Regardless of the style of roasting machine, after the green coffee is received and the orders for the day are in, the coffee is weighed out into batch sizes. The roaster is turned on and preheated to about 400 degrees Fahrenheit before roasting begins.
Remember the aforementioned moisture content? That is super important because coffee seeds are mostly cellulose– glorified wood chips.
Imagine dumping a bucket full of wood chips on a fire. Your goal is to get the wood chips hot, and to start them changing color, but you don’t want them to also start on fire. The wetter the wood chip, the easier it is to not catch them on fire, right? But you also don’t want your wood chips to start molding while they’re in wood chip storage. So you need the wood chips to be dry enough not to mold, but not too dry.
So phase one of roasting is drying. When roasters plot the temperature curve of their roasts, it starts off with a precipitous drop. The temperature of the roasting machine is brought way down by the addition of the room temperature green coffee.
First, the coffee and the roaster must reach a temperature equilibrium. This is called the point of change– where the temperature stops dropping, steadies, and starts to rise again. Then the coffee finishes drying out the last 10% or so of moisture. Then the cellulose and other components start to undergo their chemical reactions.

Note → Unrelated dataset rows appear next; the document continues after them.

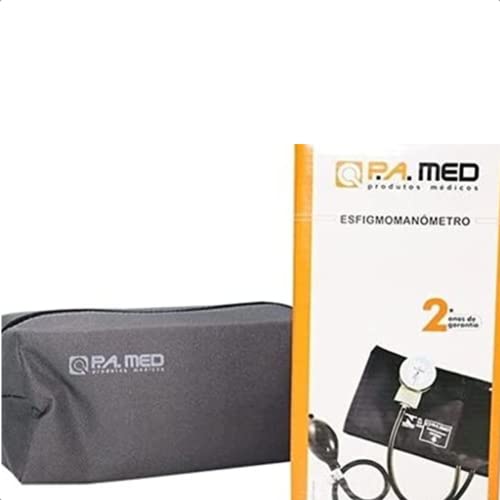 Aparelho de Pressão Preto PA2006 PA Med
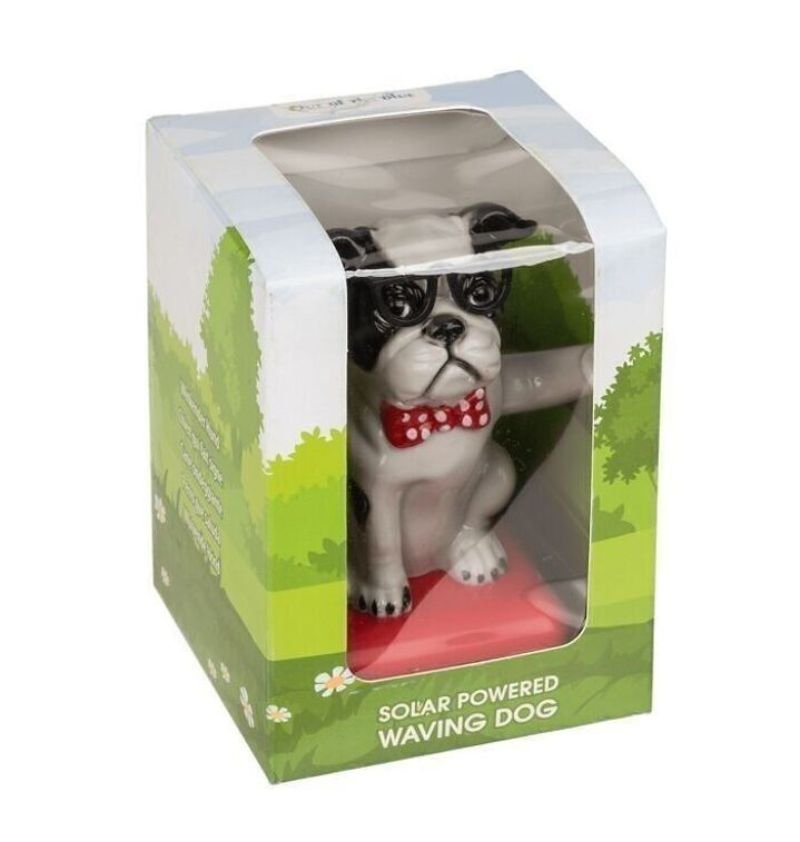 Figurine Solaire - Chien  - 5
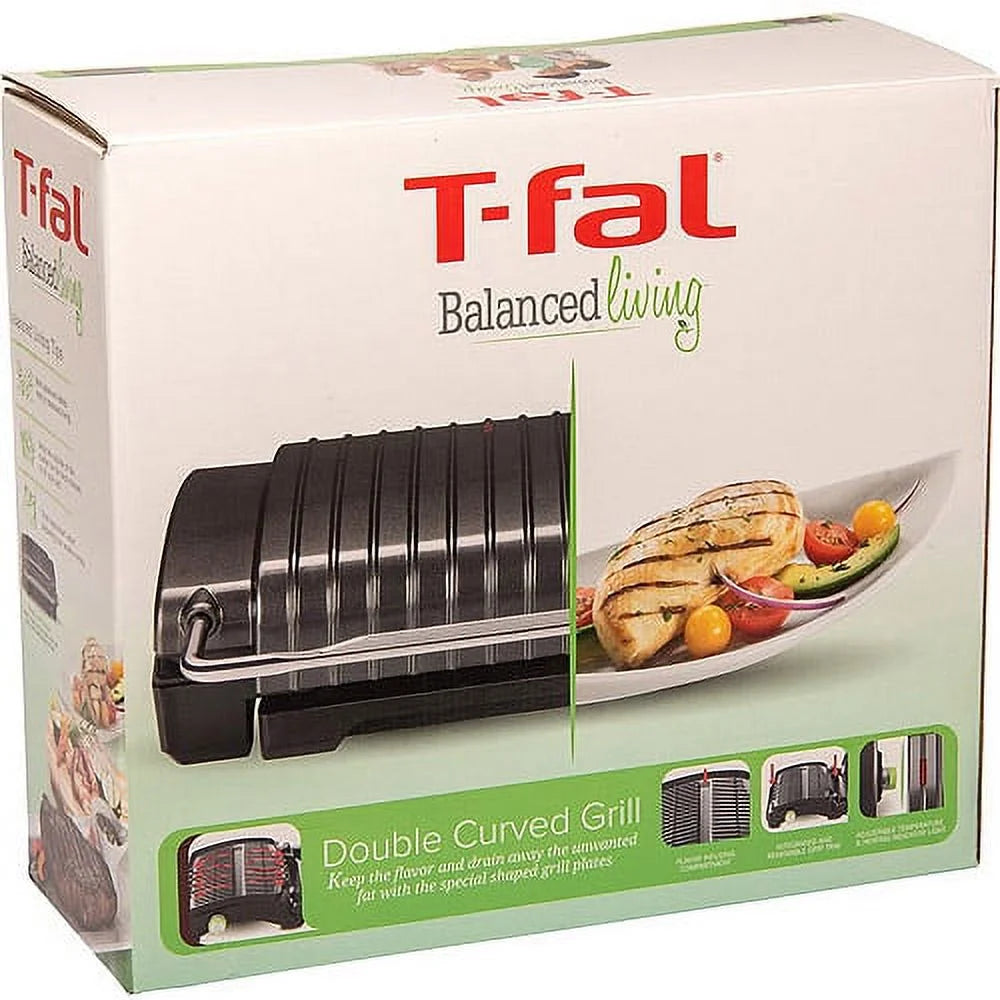 Black Curved Grill F57716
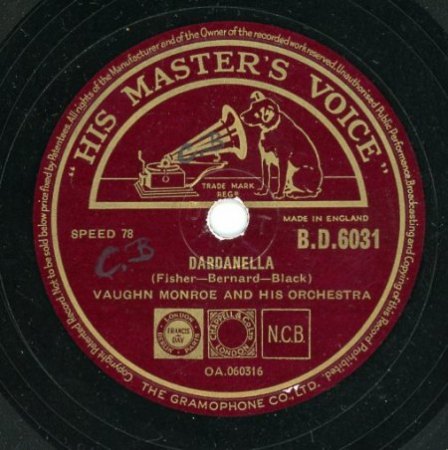 VAUGHN MONROE
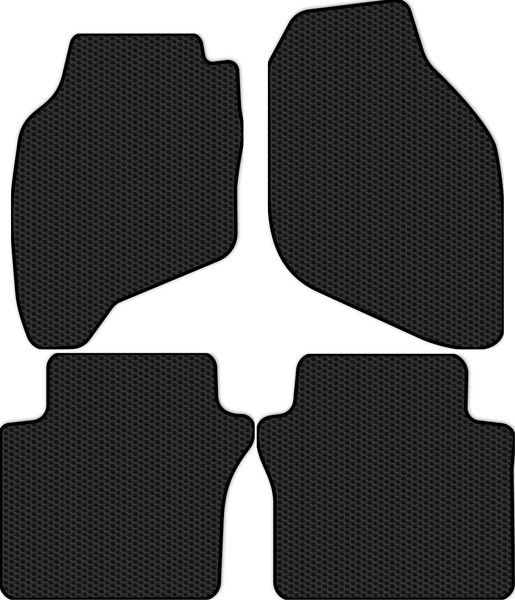 Изображение товара Комплект ковриков для авто Alicosta 2270_1 для Honda Jazz I GD5/GD1 2005-2009 (EVA соты, черный)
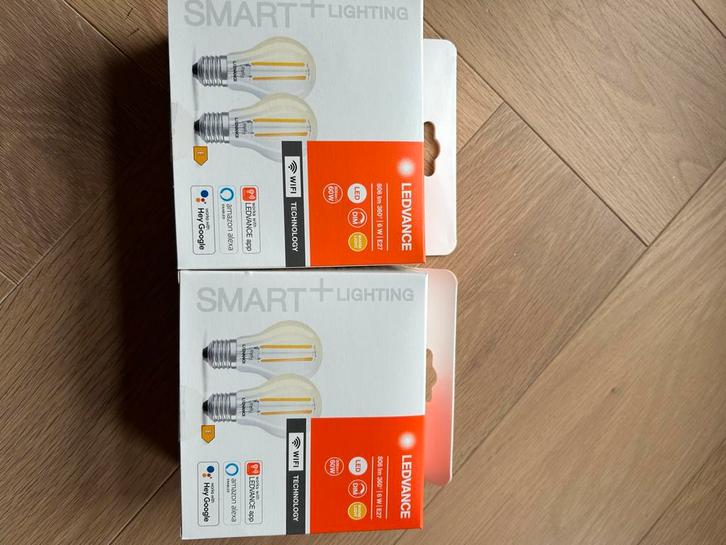 Ledvance Wifi smart+ led lamp e27 (4 stuks nieuw), Huis en Inrichting, Lampen | Losse lampen, Nieuw, Led-lamp, Minder dan 30 watt
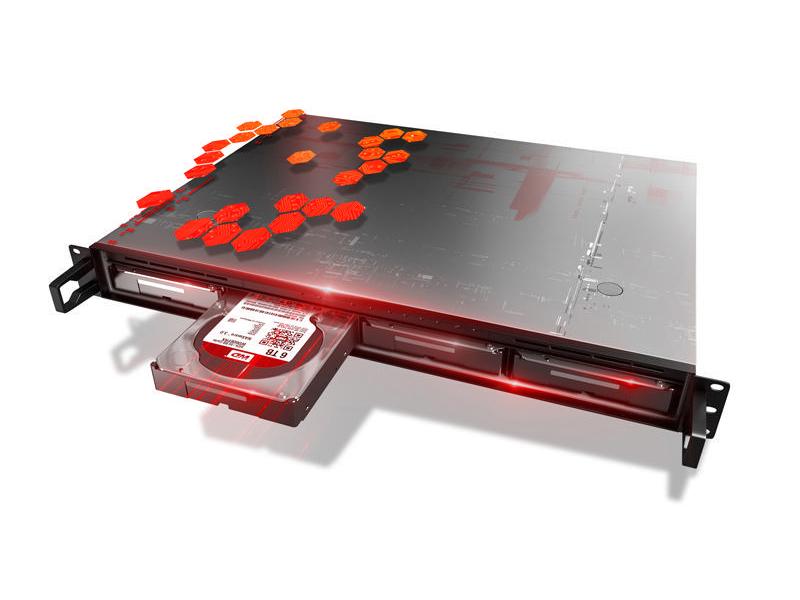 Western Digital Harddisk Red Plus 3.5, 10 TB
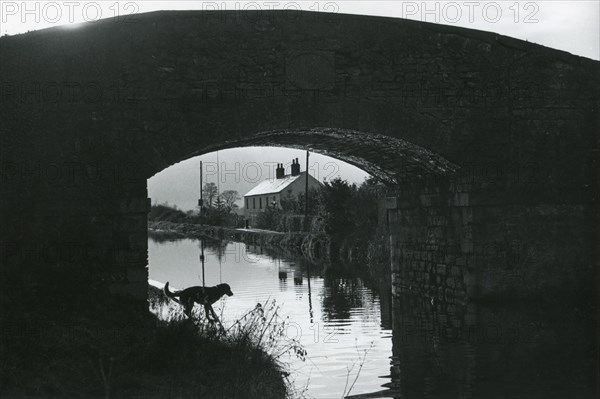 Le Grand Canal vers Dublin
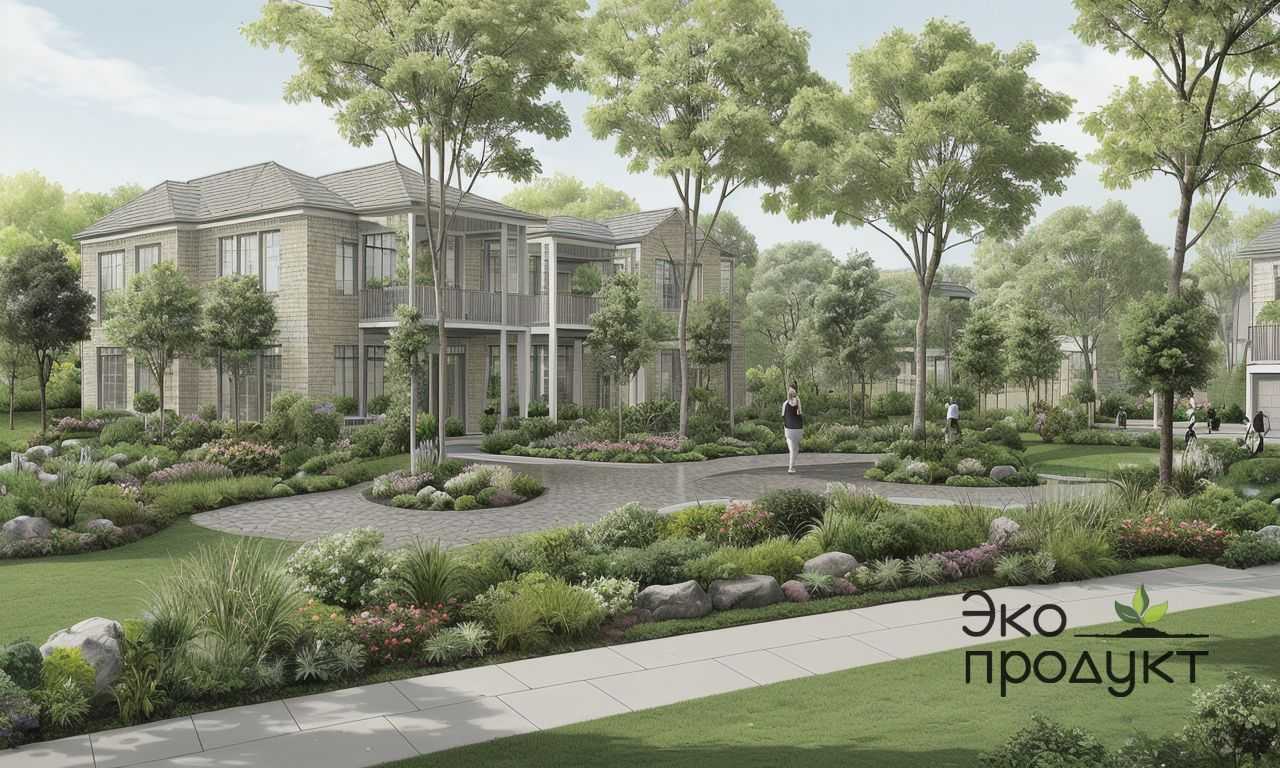 Экономический и экологический эффект от озеленения крыш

The coffee smoothly progresses from green to yellow, from yellow to tan, and then something cool starts to happen. The remaining moisture inside of the seed reaches a critical point of vaporization and can no longer be contained by the seed. That’s called first crack. The coffee, light brown at this point, starts to crackle inside the roaster. It’s quieter than popcorn, but louder than, say, breakfast cereal.
This phase– after first crack, before the end of the roast– is the start of development phase. This is the phase where lots of good stuff starts happening. Organic acids and sugars start to transform with caramelization and maillard reactions. If everything that happens before first crack is a warm-up, development is when the roast comes into its own.This is where the magic happens. The roaster (the person, not the machine,) pays close attention to the look and smell of the coffee at this point, and during development is when they must choose the ultimate goal for the flavor of the coffee.
After first crack and into development, the coffee can go from light to medium to medium dark. Somewhere around medium dark, depending on the coffee, the seeds will start to crack once again. Second crack is quieter and less dramatic than first crack.
First crack is the release of water vapors, whereas second crack is the release of CO2 gas that has built up in the heat. Many roasters won’t push all the way to second crack, and definitely not beyond it. Beyond second crack is when the coffee starts to actively turn to carbon. (Then you have coffee that you can write on the sidewalk with.)
From there, the coffee is poured out of the hot roaster drum into a tray where it’s cooled before being bagged and sent to your front door.
Once you start to understand a bit about roasting coffee, you’ll see why we find a similar love for coffee and jazz music. Profiling the coffee is like learning a variation on a new theme, and performing the roast day after day and adapting to changes to keep it tasting the best is exactly what every musician with a daily practice does.
Roasting coffee and jazz music are both all about exploration and experimentation informed by practice and theory. And that's the music in your cup.